Our team was inspired by the experimental and theoretical studies investigating an interaction of discrimination and feature estimation [1-3]. Specifically, we were interested in how discriminatory decisions could induce biased feature representation. We hypothesized that the repulsive drive engendered by discrimination task would propagate to bias the memory representation in a decision-consistent manner.

To test the hypothesis, we built modular recurrent networks defined as follows.

$$ \begin{aligned} \tau_1 \frac{d\mathbf{r}_1}{dt} &= -\mathbf{r}_1 + f\left( \mathbf{W}_{11} \mathbf{r}_1 + \mathbf{W}_{12} \mathbf{r}_2 + \mathbf{W}^\mathrm{in}_1 \mathbf{u}_1 + \sqrt{2\tau_1} \xi \right) \\ \tau_2 \frac{d\mathbf{r}_2}{dt} &= -\mathbf{r}_2 + f\left( \mathbf{W}_{21} \mathbf{r}_1 + \mathbf{W}_{22} \mathbf{r}_2 + \mathbf{W}^\mathrm{in}_2 \mathbf{u}_2 + \sqrt{2\tau_2} \xi' \right) \\[8pt] \mathbf{z}^\mathrm{DM} &= \mathrm{softmax} \left( \mathbf{W}^\mathrm{DM} \mathbf{r}_1 \right), \ \ \mathbf{z}^\mathrm{EM} = \mathrm{softmax} \left( \mathbf{W}^\mathrm{EM} \mathbf{r}_2 \right) \end{aligned} $$
where \( \tau_\ast \): time constants, \( \mathbf{r}_\ast \): recurrent unit activities, \( f \): activation function, \( \mathbf{W}_\ast \): synaptic weights, \( \xi \): independent Gaussian noises. Besides, \( \mathbf{u}_1, \mathbf{u}_2 \): discrimination boundary and stimulus inputs, \( \mathbf{z}^\mathrm{DM}, \mathbf{z}^\mathrm{EM} \): discriminatory decision-making (DM) and stimulus estimation (EM) outputs.

We trained the networks via backpropagation to the combined loss function \( \mathcal{L} = \mathcal{L}_\mathrm{DM} + \mathcal{L}_\mathrm{EM} \), where decision-making errors (\( \mathcal{L}_\mathrm{DM} \)) and estimation errors (\( \mathcal{L}_\mathrm{EM} \)) are defined as time-averaged cross entropy.
$$ \begin{aligned} \mathcal{L}_\mathrm{DM} &= \left\langle \sum_{x \in \{\mathrm{CW}, \mathrm{CCW} \} } z_t^\mathrm{DM}(x) \cdot \mathrm{log} \left( 1/p_t^\mathrm{DM}(x) \right) \right\rangle_t \\ \mathcal{L}_\mathrm{EM} &= \left\langle \sum_{x \in \Theta } z_t^\mathrm{EM}(x) \cdot \mathrm{log} \left( 1/p_t^\mathrm{EM}(x) \right) \right\rangle_t \end{aligned} $$
where \( p^\mathrm{DM}, p^\mathrm{EM} \): groun-truth outputs and \( \Theta\): discretized feature space.

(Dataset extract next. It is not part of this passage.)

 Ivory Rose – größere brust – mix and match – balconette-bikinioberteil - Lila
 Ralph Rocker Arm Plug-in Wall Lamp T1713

(Left) Distributions of feature estimates by trained networks generalized in three stimulus noise levels as a function of stimulus orientation relative to discrimination boundary. (Right) Psychometric functions and estimation biases (correct trials).
We were excited to find that the DM-to-EM feedback connectivity \(\mathbf{W_{21}} \) modulates the biases in estimates made by recurrent networks under the demand of joint accuracy. This results echo the previous findings, but extend our understanding by explicitly defining the objective function in relation to recurrent circuits.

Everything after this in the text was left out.